Si la evidencia académica, científica y estadística demuestra que el aumento de penas no funciona para disuadir al delincuente, y si los expertos están, casi de manera unánime, en contra de la medida por ser inútil e inconstitucional, ¿por qué el Congreso de Colombia decidió modificar la Constitución para introducir la prisión perpetua?
La respuesta que dan los penalistas colombianos al unísono es populismo punitivo (El País, 2020). El cambio de la Constitución no obedece a una lógica de técnica legislativa adecuada, ni a un interés de los congresistas en defender a los menores, o a su protección prevalente que se deriva del artículo 44 de la Carta Política (Asamblea Nacional Constituyente, 1991). Se trata de una forma de calmar los temores y angustias populares, ante la falta de intervención del Estado en aplicación real de la ley vigente, menor impunidad y la implementación de medidas preventivas en la base del tejido social.
En el caso tomado como ejemplo son evidentes los rasgos descritos en este artículo como características del populismo, específicamente de populismo punitivo. Es una situación en la que "el pueblo" ha identificado enemigos que deben ser eliminados o neutralizados, en este caso, mediante la aplicación de una prisión perpetua. Así, el líder carismático comunica a la sociedad, mediante un simbolismo, que sus miedos han sido atendidos, sin que en el fondo se brinde solución real al problema de delincuencia sexual en menores.
En Colombia, y para el caso estudiado, los medios de comunicación han tenido un papel importante. Conscientes de ello o no, han contribuido en exacerbar miedos, ansiedad y angustia en la población.
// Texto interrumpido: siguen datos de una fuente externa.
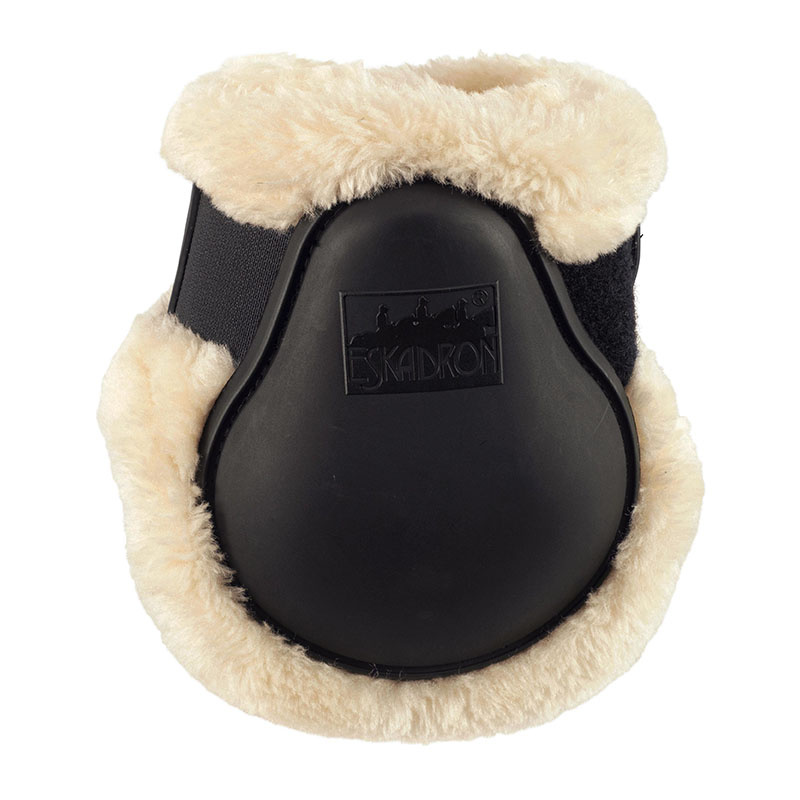 Strijklappen Protection Fauxfur Zwart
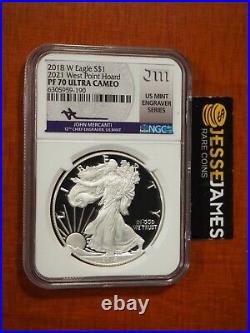 2018 W Proof Silver Eagle Ngc Pf70 Mercanti 2021 West Point Mint Hoard Engraver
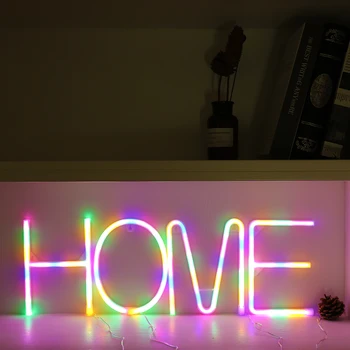 DIY Farebné 26 Neon Písmená Svetlo sa rozsvieti LED Slovo Znak Abecedy 3D Stene Visí List Dekor pre Domáce Svadby, Narodeniny, Party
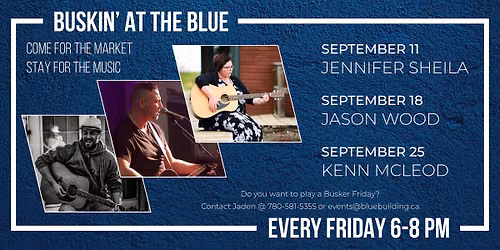 Buskin' at the Blue - September Edition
Es importante resaltar que con esta consideración no queremos decir que el problema no exista, sino simplemente queremos resaltar el rol de los medios al centrar su comunicación en un tema específico, con lo cual hace más visible el problema y la sensación de temor social.
Otra característica del populismo punitivo que encontramos en la prisión perpetua aprobada en Colombia es el pasar límites estructurales de un Estado de derecho. La cadena perpetua, atenta contra la dignidad humana, contra el principio de la humanidad de las penas, fundamento de prohibición de sanciones como la pena de muerte y cadena perpetua o de prácticas como la tortura o los tratos crueles para lograr confesiones u obtención de pruebas. También desconoce los principios de proporcionalidad, subsidiariedad y de mínima intervención, es evidente que desconoce la racionalidad y límites al ius puniendi.
Pese a la situación descrita, somos optimistas al confiar en la función que cumple la Corte Constitucional, como límite y control a las reformas legislativas populistas en materia penal.